The number of children being diagnosed with leukemia after taking Chinese vaccines is soaring, according to reports.
Parents have been attempting to raise the alarm after their children have fallen severely ill, only to find their warnings are being scrubbed from the Chinese Communist Party-controlled Internet in China.
Devastated parents are trying to warn other parents against the shots, but say they are being silenced.
After receiving her first dose of the COVID-19 vaccine, Li Jun’s 4-year-old developed a fever and cough.
The symptoms quickly subsided after intravenous therapy at the hospital.
But after the second shot, the father could tell something was wrong.
Swelling appeared around his daughter’s eyes and did not go away.
For weeks, the girl complained about pains on her legs, where bruises started to emerge seemingly out of nowhere.
In January, a few weeks after the second dose, the 4-year-old was diagnosed with acute lymphoblastic leukemia.
“My baby was perfectly healthy before the vaccine dose,” Li (an alias), from China’s north-central Gansu Province, told The Epoch Times.
“I took her for a health check.

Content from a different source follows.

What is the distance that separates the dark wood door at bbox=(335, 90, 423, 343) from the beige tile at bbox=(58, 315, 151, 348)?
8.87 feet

Everything was normal.”
He is among hundreds of Chinese that belong to a social media group claiming to be suffering from or have a household member suffering from leukemia, developed after taking Chinese vaccines.
Eight of them confirmed the situation when reached by The Epoch Times.
Names of the interviewees have been withheld to protect their safety.
The leukemia cases span across different age groups from all parts of China.
Li claims that at least eight children from Suzhou district, where he lives, have died recently from leukemia.
Roughly 84.4 million children between the 3-11 age group have been vaccinated as of Nov. 13, according to the latest figures from China’s National Health Commission, accounting for more than half of the population in that age bracket.
There had been some resistance from Chinese parents when the campaign to vaccinate children first rolled out.
They expressed concern about the lack of data about the effects of Chinese vaccines on young people.
The vaccines are supplied by two Chinese drugmakers, Sinopharm and Sinovac, which carry an efficacy rate of 79 percent and 50.4 percent, respectively, based on available data from trials conducted on adults.
“The school told us last year to take him for vaccination on such and such date, or he can’t go to class,” Wang, from eastern China’s Shandong Province, said.
The boy received his second dose on Dec. 4.
A month later, he began experiencing fatigue and low fever.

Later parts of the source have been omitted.